**Supplied data:**
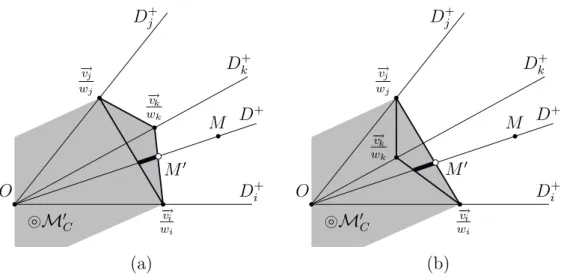 Fig. 4.3. Masque M 0 C ` a six vecteurs.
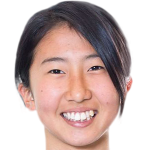 Player picture of Miina Matsunaga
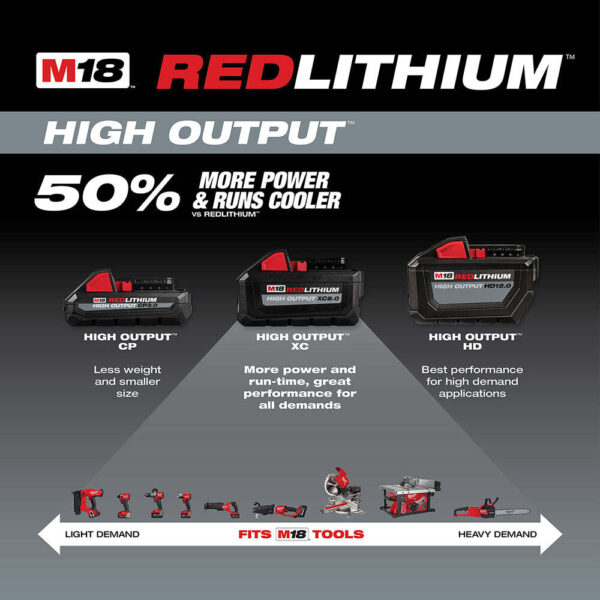 Milwaukee 48-11-1865 M18 FUEL 18V 6.0-Amp Lithium-Ion High Output Battery Pack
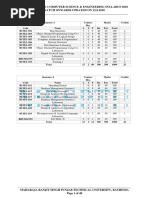 MRSPTU B.tech. CSE (Sem 3-8) Syllabus 2016 Batch Onwards Updated On 12.9.2018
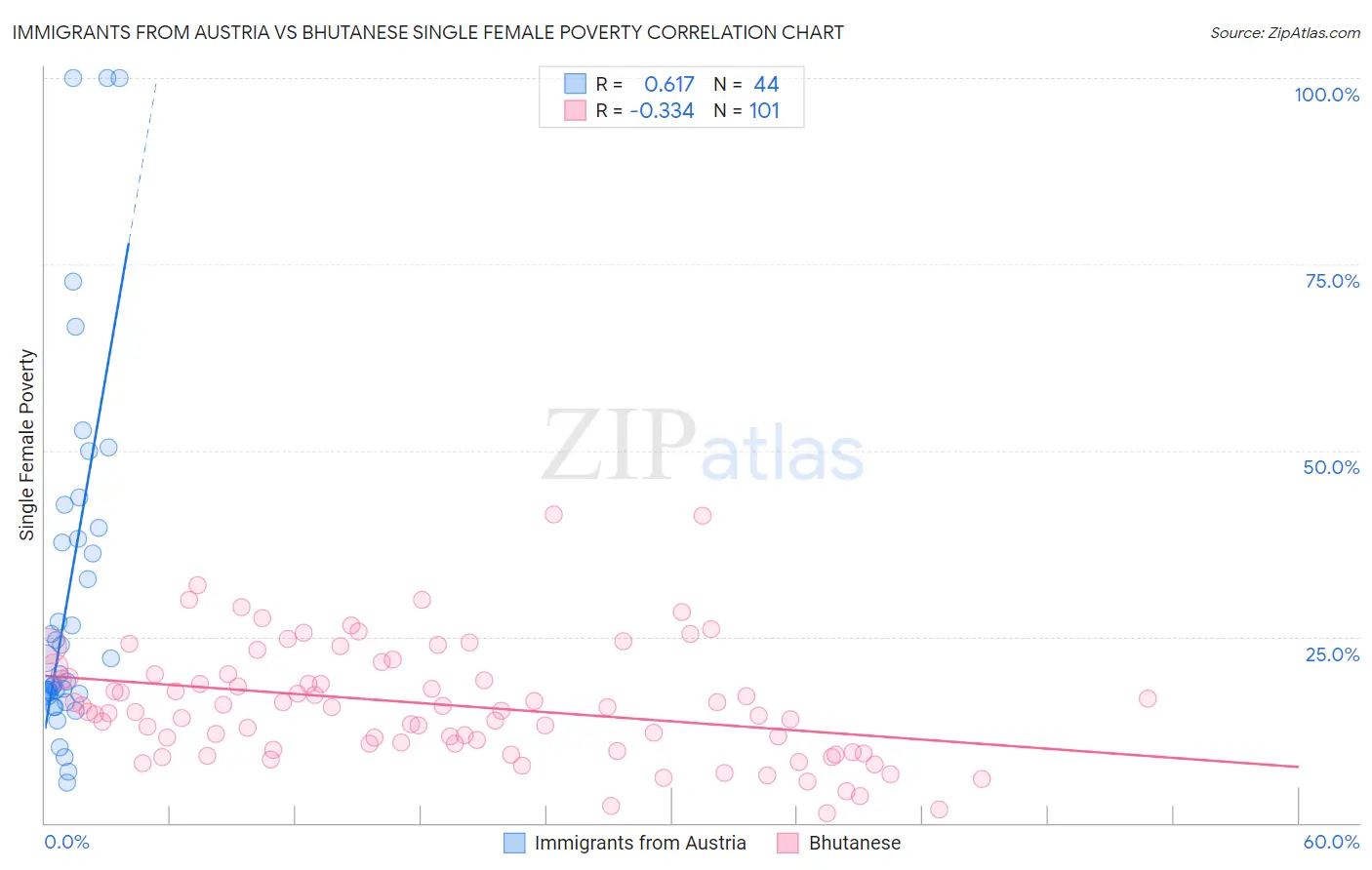 Immigrants from Austria vs Bhutanese Single Female Poverty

**Work instructions:**
Except for the pictures, copy every line of the records above exactly.

**Answer to the exercise:**
 Fig. 4.3. Masque M 0 C ` a six vecteurs.
 Player picture of Miina Matsunaga
 Milwaukee 48-11-1865 M18 FUEL 18V 6.0-Amp Lithium-Ion High Output Battery Pack
 MRSPTU B.tech. CSE (Sem 3-8) Syllabus 2016 Batch Onwards Updated On 12.9.2018
 Immigrants from Austria vs Bhutanese Single Female Poverty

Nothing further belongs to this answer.